→ **Exercise description**: If an entry holds a picture, drop the picture but restate the entry word for word.
┄┄┄┄┄┄
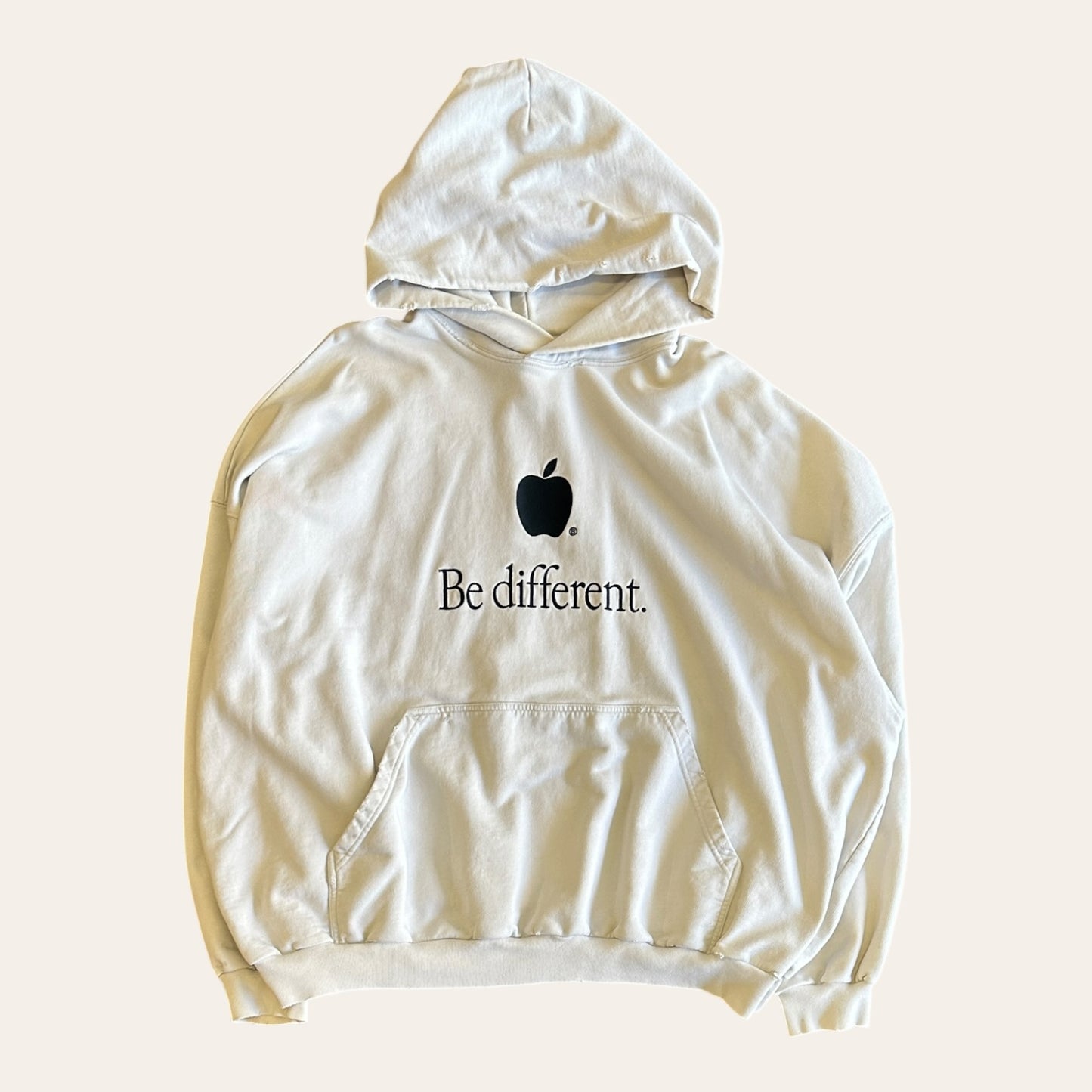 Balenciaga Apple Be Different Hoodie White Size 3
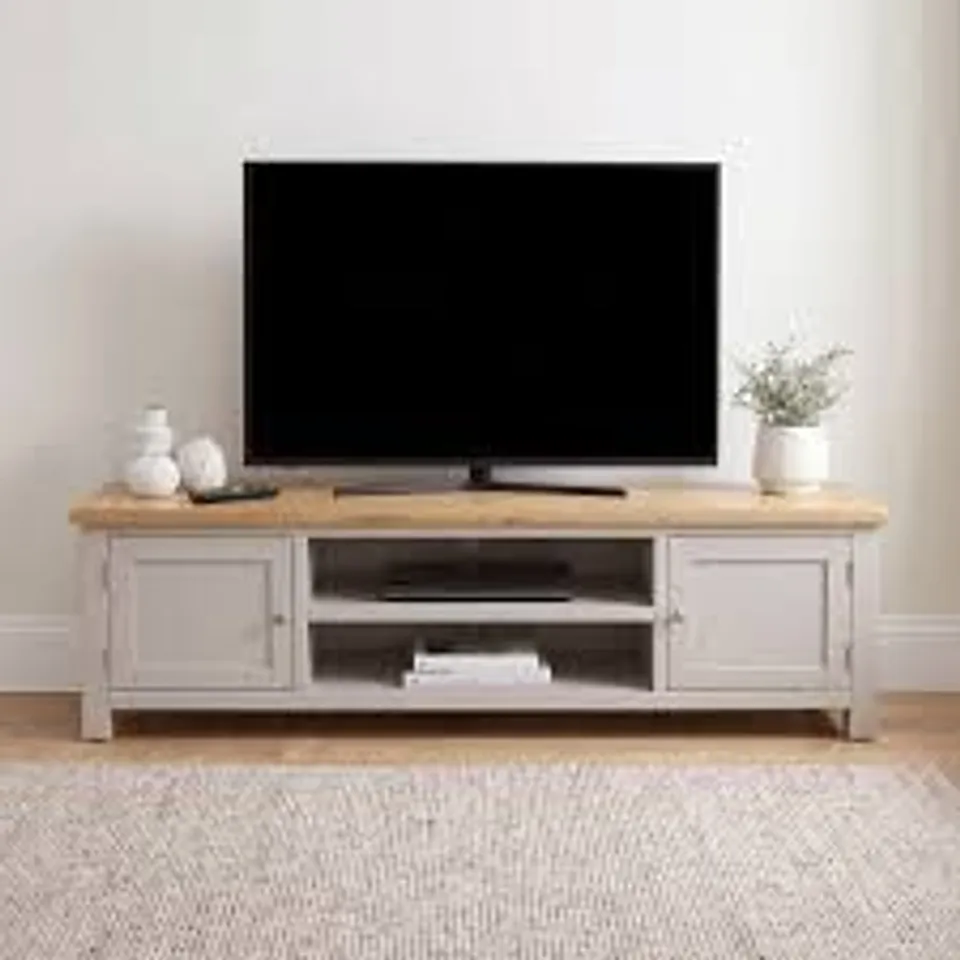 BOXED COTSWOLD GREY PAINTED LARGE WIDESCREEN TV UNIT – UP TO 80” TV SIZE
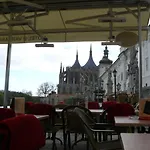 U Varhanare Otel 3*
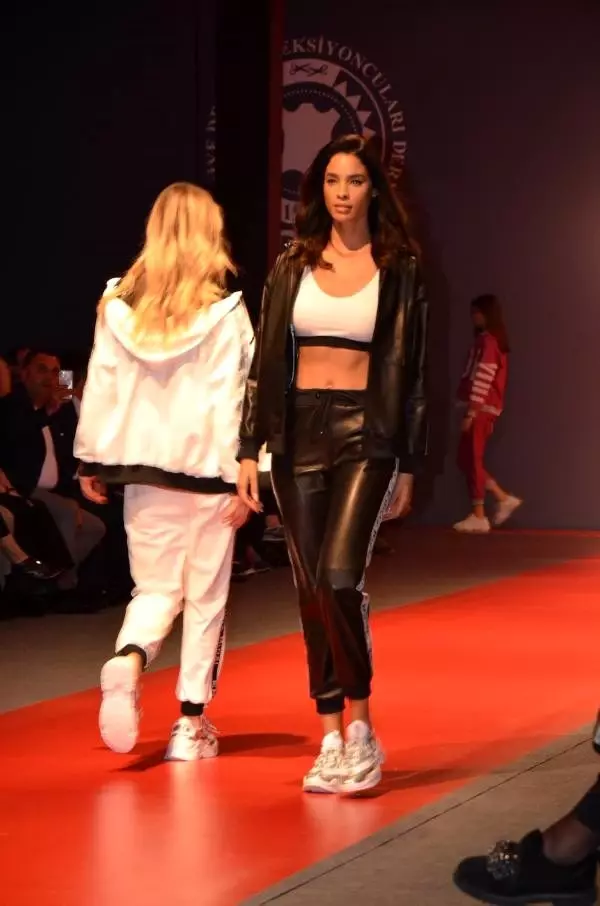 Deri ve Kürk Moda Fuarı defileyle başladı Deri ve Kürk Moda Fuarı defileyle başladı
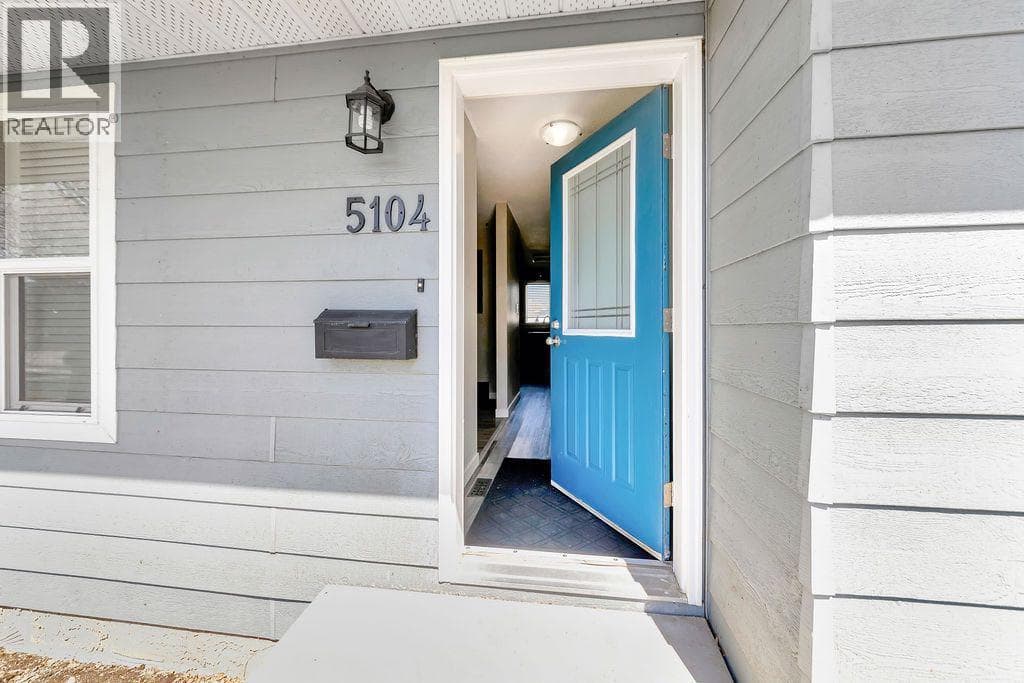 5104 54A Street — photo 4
┄┄┄┄┄┄
→ **Expected output**:
 Balenciaga Apple Be Different Hoodie White Size 3
 BOXED COTSWOLD GREY PAINTED LARGE WIDESCREEN TV UNIT – UP TO 80” TV SIZE
 U Varhanare Otel 3*
 Deri ve Kürk Moda Fuarı defileyle başladı Deri ve Kürk Moda Fuarı defileyle başladı
 5104 54A Street — photo 4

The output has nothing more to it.